Interactive navigation requires a robot to reach a goal location while interacting with obstacles on the way, which has proven to be the most difficult for robots to learn.

The key, Kumar said, to get a robot to go from walking to pushing an object is in the joints and the robot discovering the different types of motions it can make with them.

So far, Kumar’s policy has reached 10 skills that a robot can learn and deploy.

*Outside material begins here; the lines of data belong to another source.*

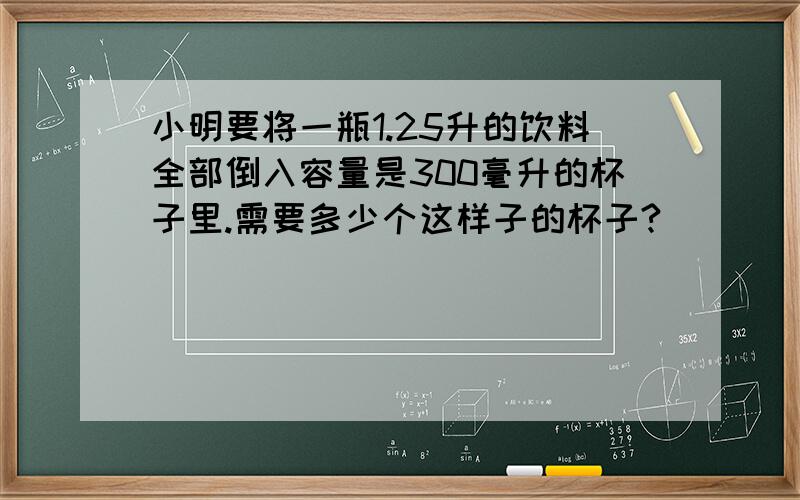 小明要将一瓶1.25升的饮料全部倒入容量是300毫升的杯子里.需要多少个这样子的杯子?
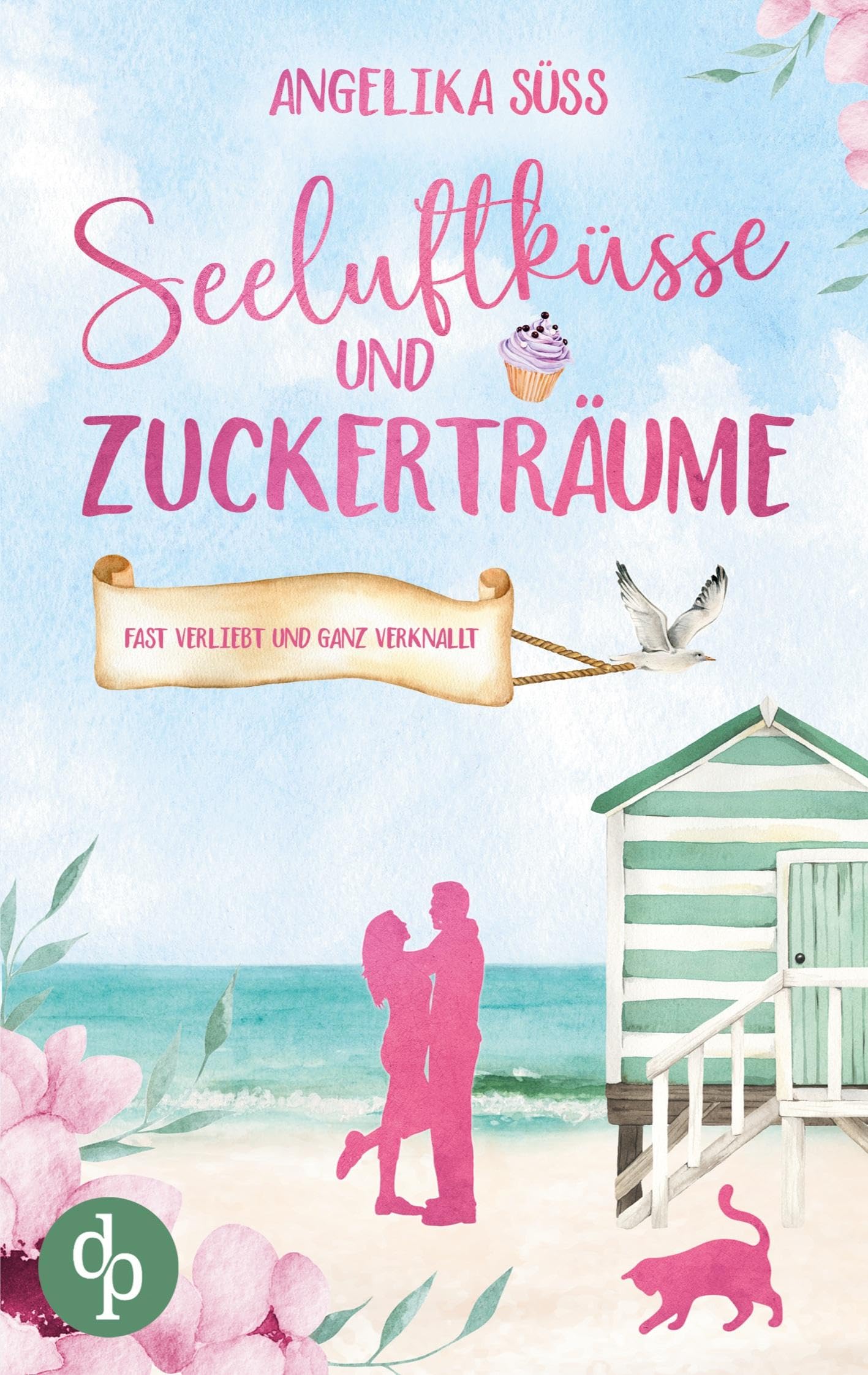 Seeluftküsse und Zuckerträume | Eine Feel Good Liebesgeschichte voller Humor und Küstenstimmung Contemporary literature Books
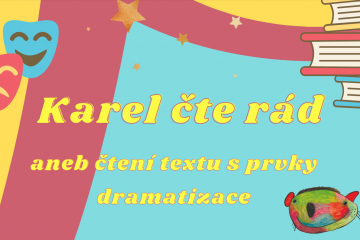 Karel čte rád, aneb čtení textu s prvky dramatizace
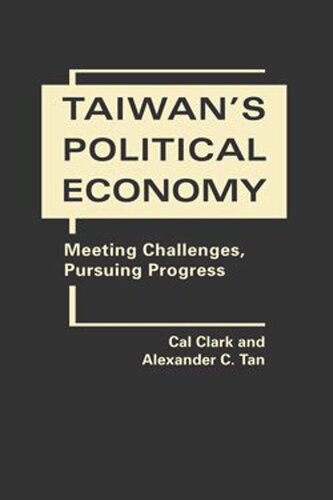 Taiwans Political Economy Meeting Challenges Pursuing Progress Cal Clark Alexander C Tan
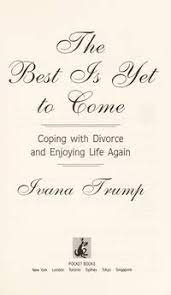 The Best Is Yet To Come Coping With Divorce And Enjoying Life Again By Trump Ivana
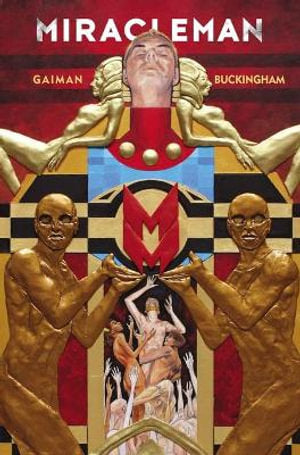 Miracleman The Golden Age TP Vol 1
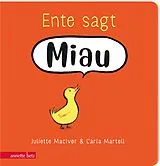 Pappband Ente sagt Miau von Juliette MacIver
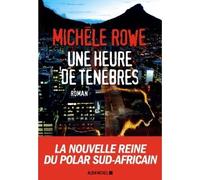 Une heure de ténèbres Une enquête de Persy Jonas - Michèle Rowe - Albin Michel - broché - Roman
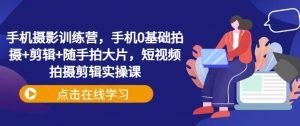手机摄影训练营，手机0基础拍摄+剪辑+随手拍大片，短视频拍摄剪辑实操课-沐风资源库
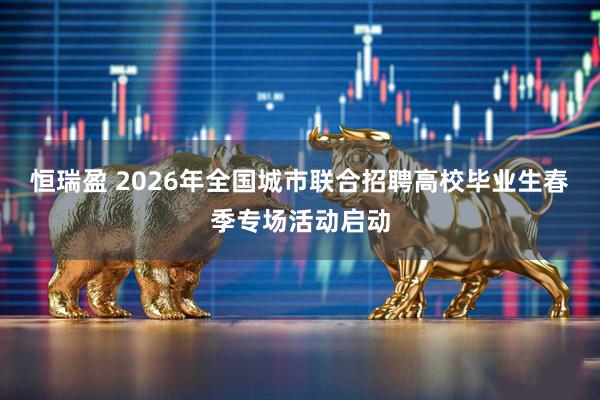 恒瑞盈 2026年全国城市联合招聘高校毕业生春季专场活动启动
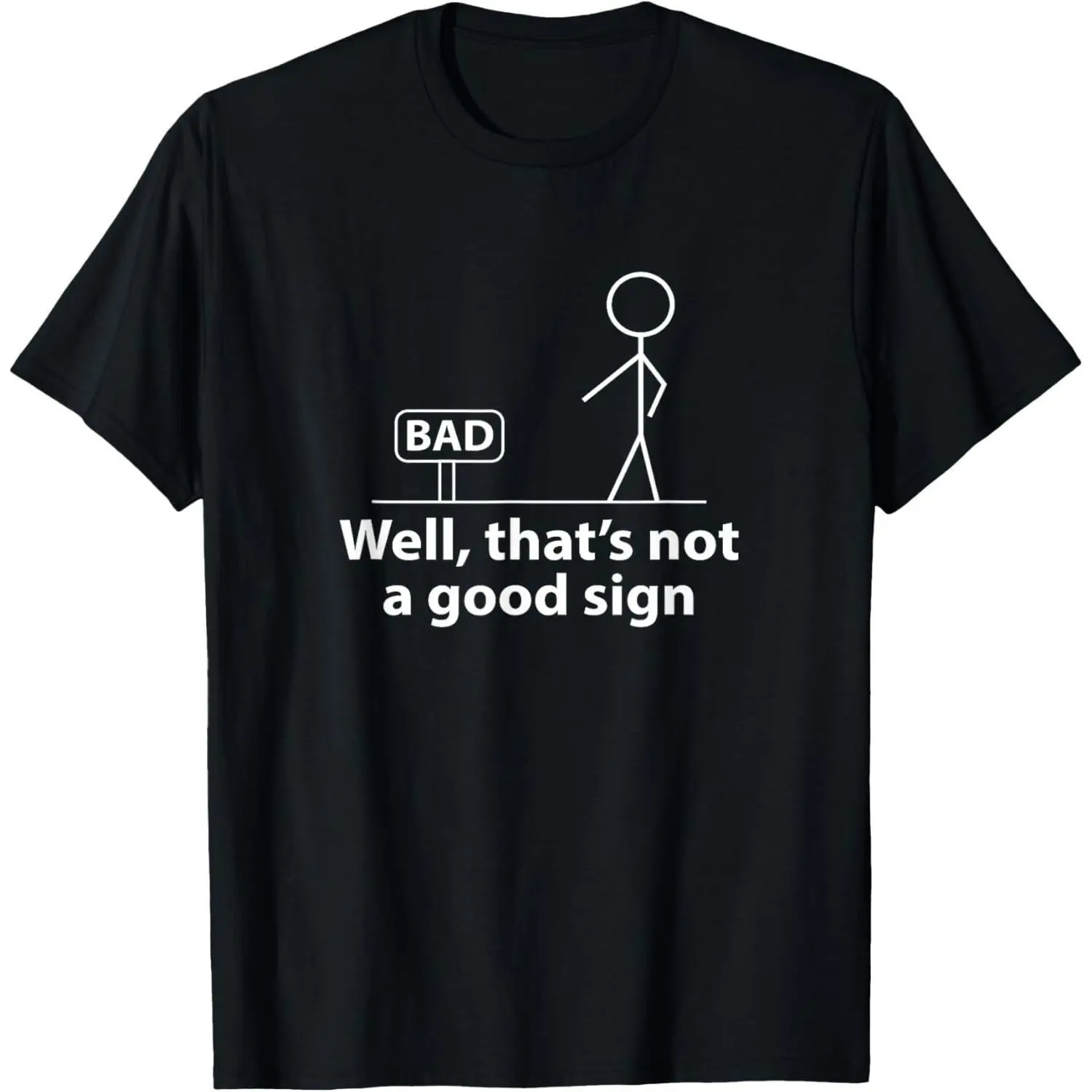 Short Sleeve Well Thats Not A Good Sign Funny Shirt for Men Graphic T-Shirt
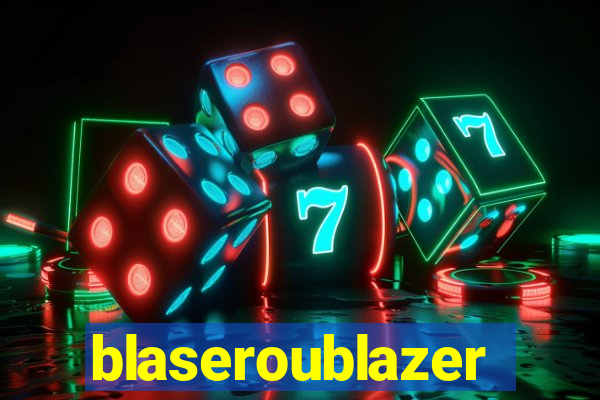 blaseroublazer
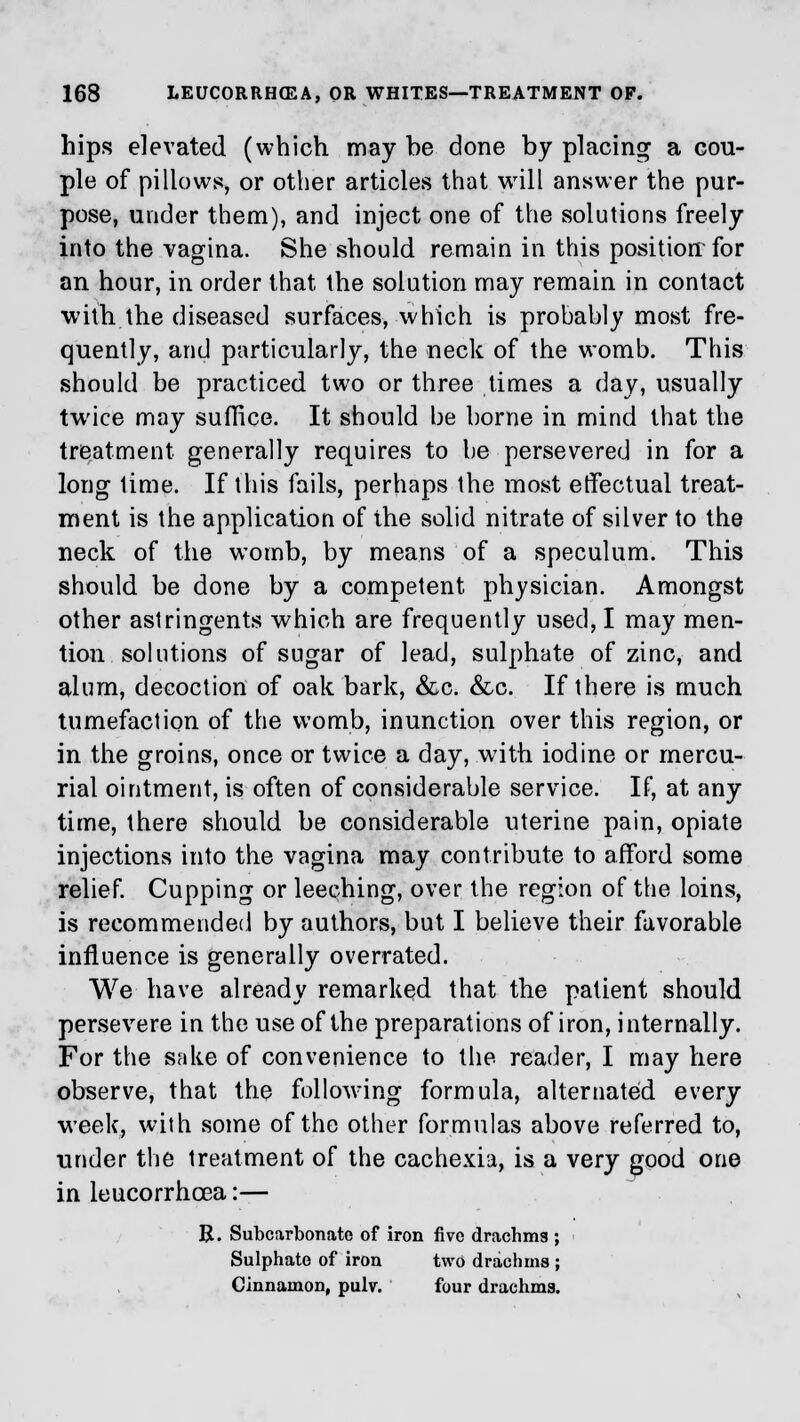 hips elevated (which may be done by placing- a cou- ple of pillows, or other articles that will answer the pur- pose, under them), and inject one of the solutions freely into the vagina. She should remain in this position-for an hour, in order that the solution may remain in contact with the diseased surfaces, which is probably most fre- quently, and particularly, the neck of the womb. This should be practiced two or three times a day, usually twice may suffice. It should be borne in mind that the treatment generally requires to be persevered in for a long lime. If this fails, perhaps the most effectual treat- ment is the application of the solid nitrate of silver to the neck of the womb, by means of a speculum. This should be done by a competent physician. Amongst other astringents which are frequently used, I may men- tion solutions of sugar of lead, sulphate of zinc, and alum, decoction of oak bark, &c. &c. If there is much tumefaction of the womb, inunction over this region, or in the groins, once or twice a day, with iodine or mercu- rial ointment, is often of considerable service. If, at any time, there should be considerable uterine pain, opiate injections into the vagina may contribute to afford some relief. Cupping or leeching, over the region of the loins, is recommended by authors, but I believe their favorable influence is generally overrated. We have already remarked that the patient should persevere in the use of the preparations of iron, internally. For the sake of convenience to the reader, I may here observe, that the following formula, alternated every week, with some of the other formulas above referred to, under the treatment of the cachexia, is a very good one in leucorrhcea:— R. Subcarbonate of iron five drachms ; Sulphate of iron two drachms ; Cinnamon, pulv. four drachms.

The number of skills it can learn on one policy depends on the hardware the programmer is using.

“It just takes longer to train as you keep adding more skills because now the policy also has to figure out how to incorporate all these skills in different situations,” he said. “But theoretically, you can keep adding more skills indefinitely as long as you have a powerful enough computer to run the policies.”

Kumar said he sees CCRL being useful for home assistant robots, which are required to be agile and limber to navigate around a cluttered household. He also said it could possibly serve as a guide dog for the visually impaired.

“If you have obstacles in front of someone who is visually impaired, the robot can just clear up the obstacles as the person is walking, open the door for them, and things like that,” he said.